Des allégations écologiques contestées par la justice

Sur ses bouteilles et emballages, Volvic mettait en avant plusieurs mentions environnementales destinées à rassurer les consommateurs. Pourtant, selon la décision rendue par le tribunal judiciaire de Paris, ces assertions relevaient bien de pratiques commerciales trompeuses. L’affaire avait été portée devant la justice par la CLCV, qui dénonçait un greenwashing délibéré. « Ce jugement est historique dans la mesure où il statue pour la première fois sur la validité de ces allégations », a souligné l’association dans un communiqué.

Le tribunal a considéré que les mentions comme « 100 % recyclable » ou « 100 % recyclée » ne reflétaient pas la réalité des processus de recyclage en France. Autant dire que les promesses environnementales de la marque se heurtaient à des limites techniques et réglementaires. Les défenseurs des consommateurs rappellent que le recyclage du plastique dépend de nombreux facteurs, dont la qualité des infrastructures locales et le taux de collecte effectif.

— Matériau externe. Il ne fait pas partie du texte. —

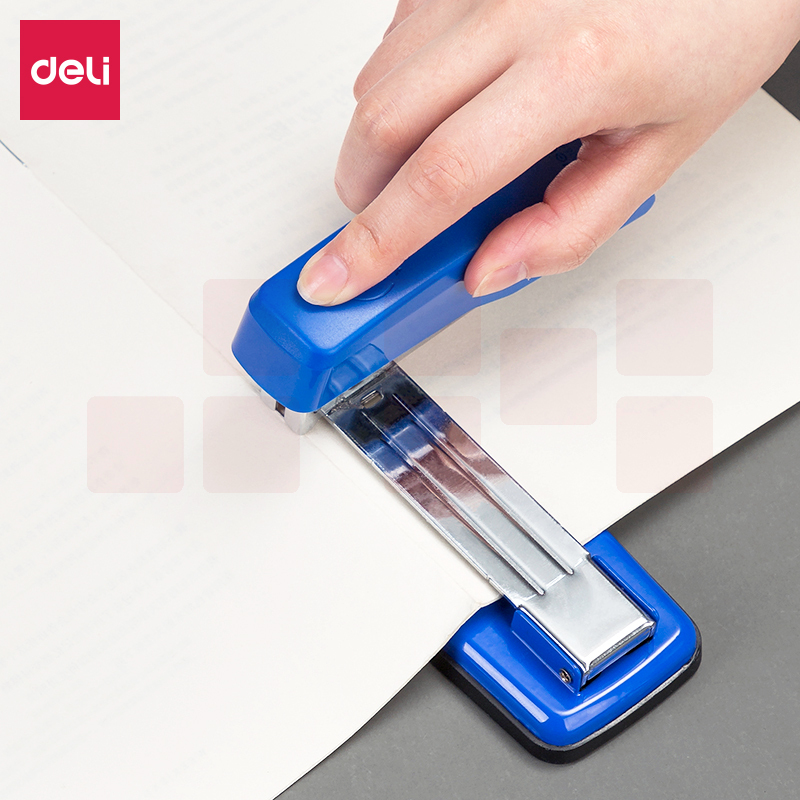 得力0414S 12#50页旋转式订书机 厚层订书器 中缝订书机(蓝)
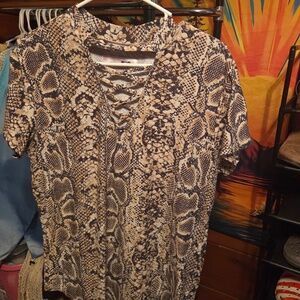 Women's fitted top with cutout neck line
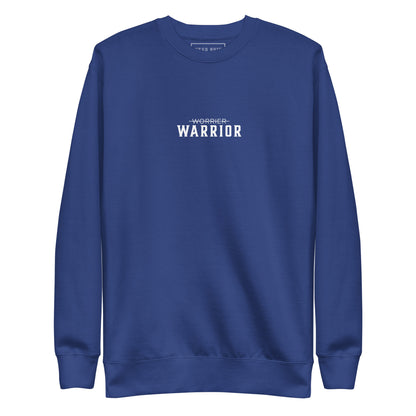 blue premium high quality sweatshirt with 'Warrior' text on a white background, motivational apparel from the Wear Grit clothing brand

Un contexte réglementaire strict pour les allégations vertes

Depuis plusieurs années, les autorités françaises et européennes durcissent le cadre juridique encadrant les allégations environnementales. La loi Climat et Résilience de 2021, par exemple, impose aux entreprises de justifier leurs affirmations écologiques sous peine de sanctions. En 2023, l’Autorité de la concurrence avait déjà sanctionné plusieurs marques pour des pratiques similaires, rappelant que le greenwashing était désormais passible de lourdes amendes.

Volvic, propriété du groupe Danone, n’est pas la première entreprise à être épinglée pour ce type de pratiques. En 2024, une enquête de Greenpeace avait révélé que de nombreuses marques de boissons et d’alimentation utilisaient des arguments écologiques sans preuve tangible. Pour l’heure, la décision du tribunal de Paris s’inscrit dans cette dynamique de contrôle accru des messages publicitaires.

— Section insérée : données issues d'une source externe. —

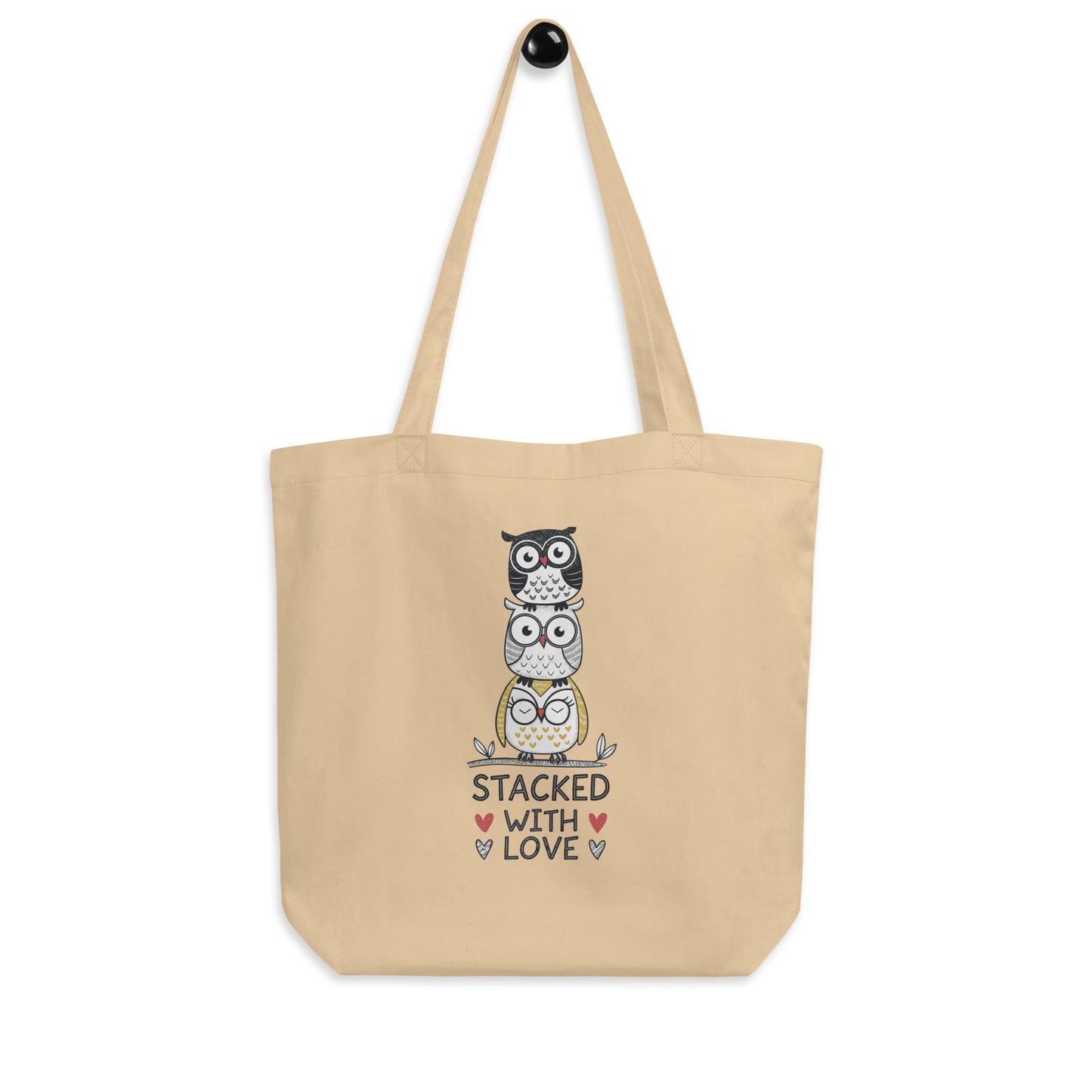 Eco Tote Bag: Stacked with Love | Owl-Inspired Sustainable Fashion USA by Dudeily Dudeily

Quelles suites pour Volvic et les autres marques ?

La condamnation de Volvic ouvre la voie à des actions similaires contre d’autres entreprises utilisant des allégations écologiques non vérifiées. La CLCV a d’ores et déjà annoncé qu’elle comptait poursuivre d’autres dossiers comparables, notamment dans le secteur de l’agroalimentaire. « Ce jugement envoie un signal fort aux entreprises : les promesses écologiques doivent être étayées par des faits », a déclaré une porte-parole de l’association.

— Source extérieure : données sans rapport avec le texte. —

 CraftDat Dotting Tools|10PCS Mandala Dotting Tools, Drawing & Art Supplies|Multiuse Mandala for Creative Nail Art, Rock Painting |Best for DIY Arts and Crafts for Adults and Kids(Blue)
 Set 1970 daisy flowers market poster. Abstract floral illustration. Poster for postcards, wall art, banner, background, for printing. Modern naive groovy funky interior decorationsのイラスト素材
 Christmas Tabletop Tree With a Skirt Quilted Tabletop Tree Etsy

Côté Volvic, la marque n’a pas encore réagi publiquement à cette décision. Reste à savoir si l’entreprise fera appel ou modifiera ses emballages pour se conformer à la réglementation. Une chose est sûre : le secteur des eaux en bouteille, déjà sous pression en raison de son impact environnemental, devra revoir sa communication.

Et maintenant ?

La décision du tribunal judiciaire de Paris pourrait inciter les autorités à renforcer les contrôles sur les allégations écologiques. Une circulaire ministérielle, attendue pour septembre 2026, devrait préciser les modalités de vérification des mentions environnementales. Par ailleurs, la CLCV a indiqué qu’elle allait saisir l’Autorité de la concurrence pour demander des sanctions financières contre Volvic. Enfin, les associations de consommateurs appellent les citoyens à signaler toute allégation trompeuse via la plateforme SignalConso.

Cette affaire rappelle que la transparence est désormais un impératif pour les entreprises. Autant dire que l’heure n’est plus aux promesses floues, mais aux preuves tangibles.

Le tribunal judiciaire de Paris a condamné Volvic pour pratiques commerciales trompeuses, mais n’a pas encore précisé le montant de l’amende. La CLCV a demandé des sanctions financières et la modification des emballages. Une décision définitive sur les suites pénales pourrait intervenir d’ici la fin de l’année 2026.